Again, I get it, it’s marketing. Still.

Emily’s Best Christmas Ever by Krista and Amanda

emily's best christmas present ever

oh my goodness

Yeah. This is also getting its own post.

Not Your Villain by C.B. Lee

not your villain

I read Not Your Sidekick (the first in this series) earlier this year and liked it despite its third person present tense, which drove me up the wall. This time around, I also liked it, but seriously, I am not a fan of that tense. It’s such a personal preference, but then, third person present isn’t a particularly popular tense, at least, not in the fiction that I read, and maybe there’s a reason for that.

Anyway. There is a really nice flashback scene near the beginning that is in third person past tense and it was the easiest part of this book to read for me, and I wish the whole thing was in that tense.
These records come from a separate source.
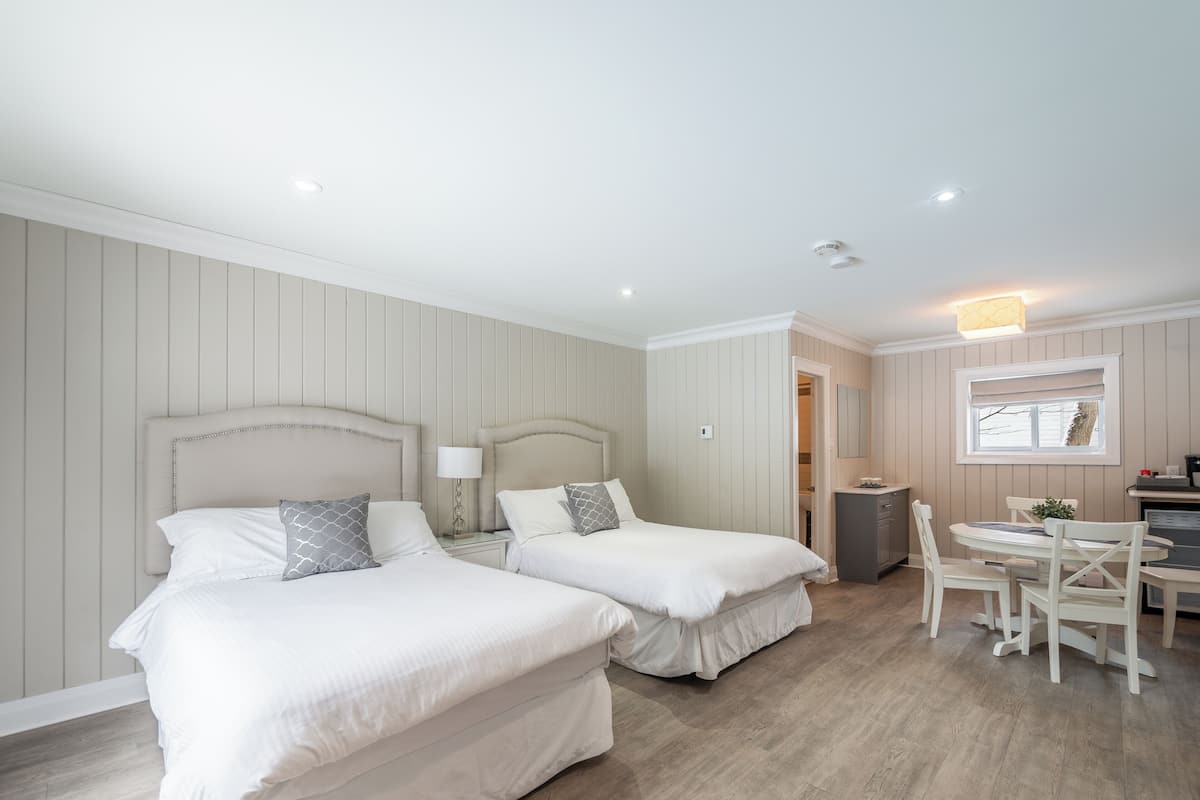 A hotel room with two beds, a dining area, and a small kitchenette.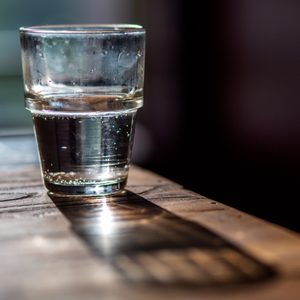 Glass half-filled with water, casting a shadow on a sunlit wooden table in a softly lit room.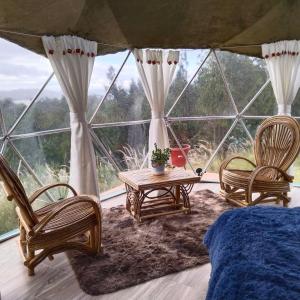 a room with three chairs and a bed and a table at glamping casa blanca in Guatavita
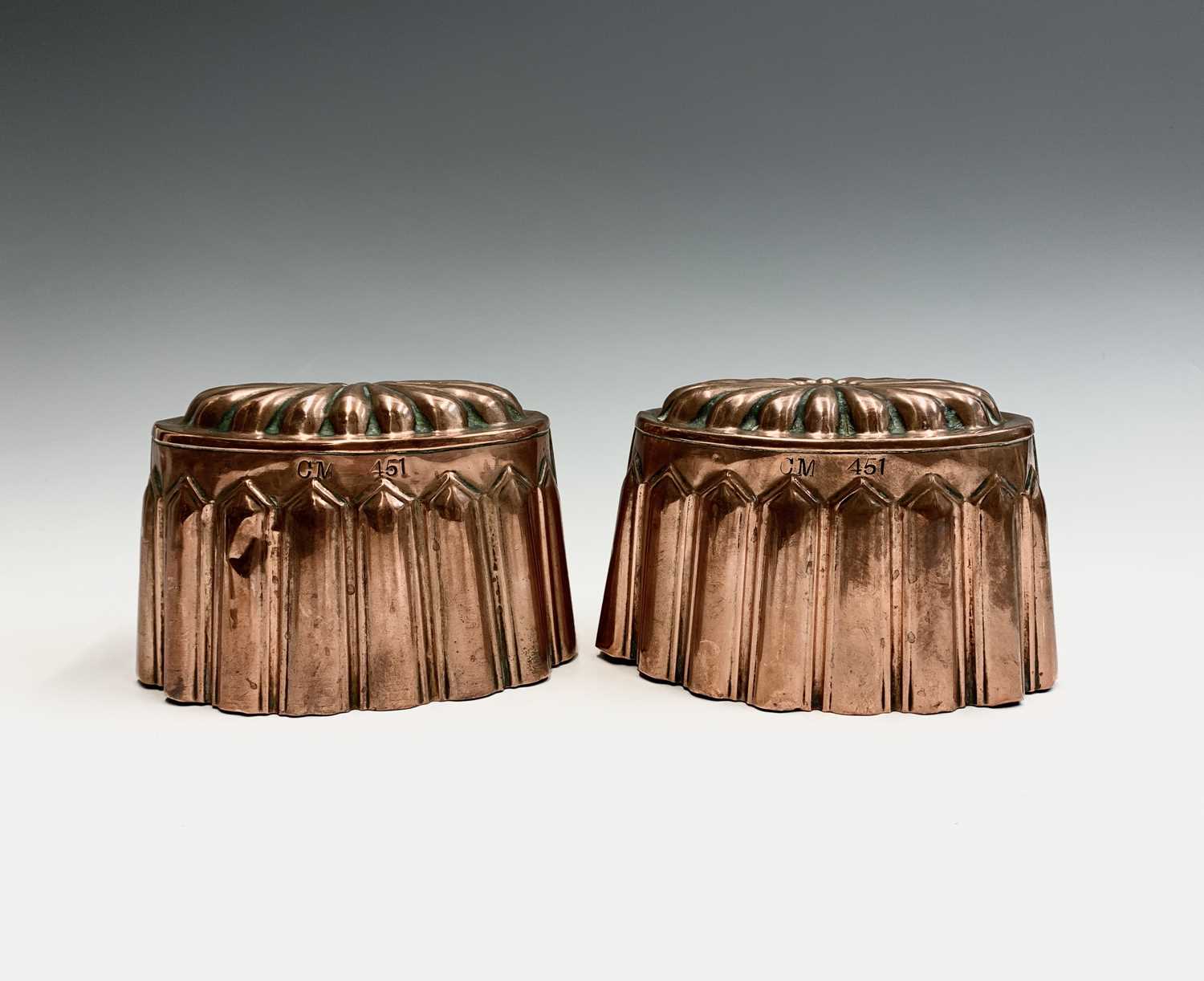 Lot 12 - A pair of copper jelly moulds, 19th century,...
Moving on from tense issues now. The featured character is a trans boy and he’s in love with his BFF who, as it turns out, (SPOILERS)is questioning/somewhere on the asexual and/or aromantic spectrums, and the part where she comes out to him is perfect and I love it. But man I wish it was written in third person past.

The Hollow Girl by Hillary Monahan

the hollow girl

I LOVED this book. Earlier in the year I read something else of Monahan’s, The Awesome, (she wrote that one as Eve Darrows) and I said I liked it but with caveats, and I detailed the caveats, but really, when I say I liked it, it was more that I liked the idea of it. In execution I thought it was too quirky by half and the sex stuff, which should have been good, was, according to me, the expert, kind of offensive.

But I follow the author on Twitter and she’s great. I’ve been following the build-up for The Hollow Girl‘s October release and it’s clear this book means a lot to her. Finally reading it was amazing, because it’s easily one of my favourites this year, and it’s so nice to see something someone is passionate about having made be really good. It should always be that way.

It’s really dark, quite upsetting at times, but I couldn’t look away and the characters were instantly lovable. It highlights a Romani community, showing customs and cultural attitudes that are different than typical Western things, but doesn’t get expositiony. Instead, it makes the world easier to disappear into, and the characters fascinating. In many ways it reminded me of The Female of the Species, just because of how women taking back power and wielding it in response to male violence is depicted.

Bearly a Lady by Cassandra Khaw

bearly a lady

This was a fun little novella, kind of like Some Assistance Required in that it was one of those supernatural romances in which there are fairies and vampires and werewolves walking around as if it’s all good. It’s kind of weird, but also kind of hard not to find immediately engaging. Also, werebears are a good idea always.

Lumberjanes Volume 3

lumberjanes vol 3

All right, real talk, Lumberjanes continues to be the light of my life. This series is perfect. PERFECT. Also it doesn’t hurt that they’re quick and so much fun to read and I am definitely in need of more of that as this year comes to an end.

An early November horror story for you, courtesy of Jen:

lumberjanes jen's urban legend

I LOVE JEN SO MUCH.

When there are a gazillion volumes out, I think it requires an animated TV adaptation.

Unforgivable by Joanna Chambers

unforgivable

It isn’t Courtney Milan, but I liked this one a lot. I didn’t like that the conflict that kept the couple apart could have easily been solved as early as the half point of the book, but then it would be short and brooding and hurt feelings and overdramatic declarations of love wouldn’t happen.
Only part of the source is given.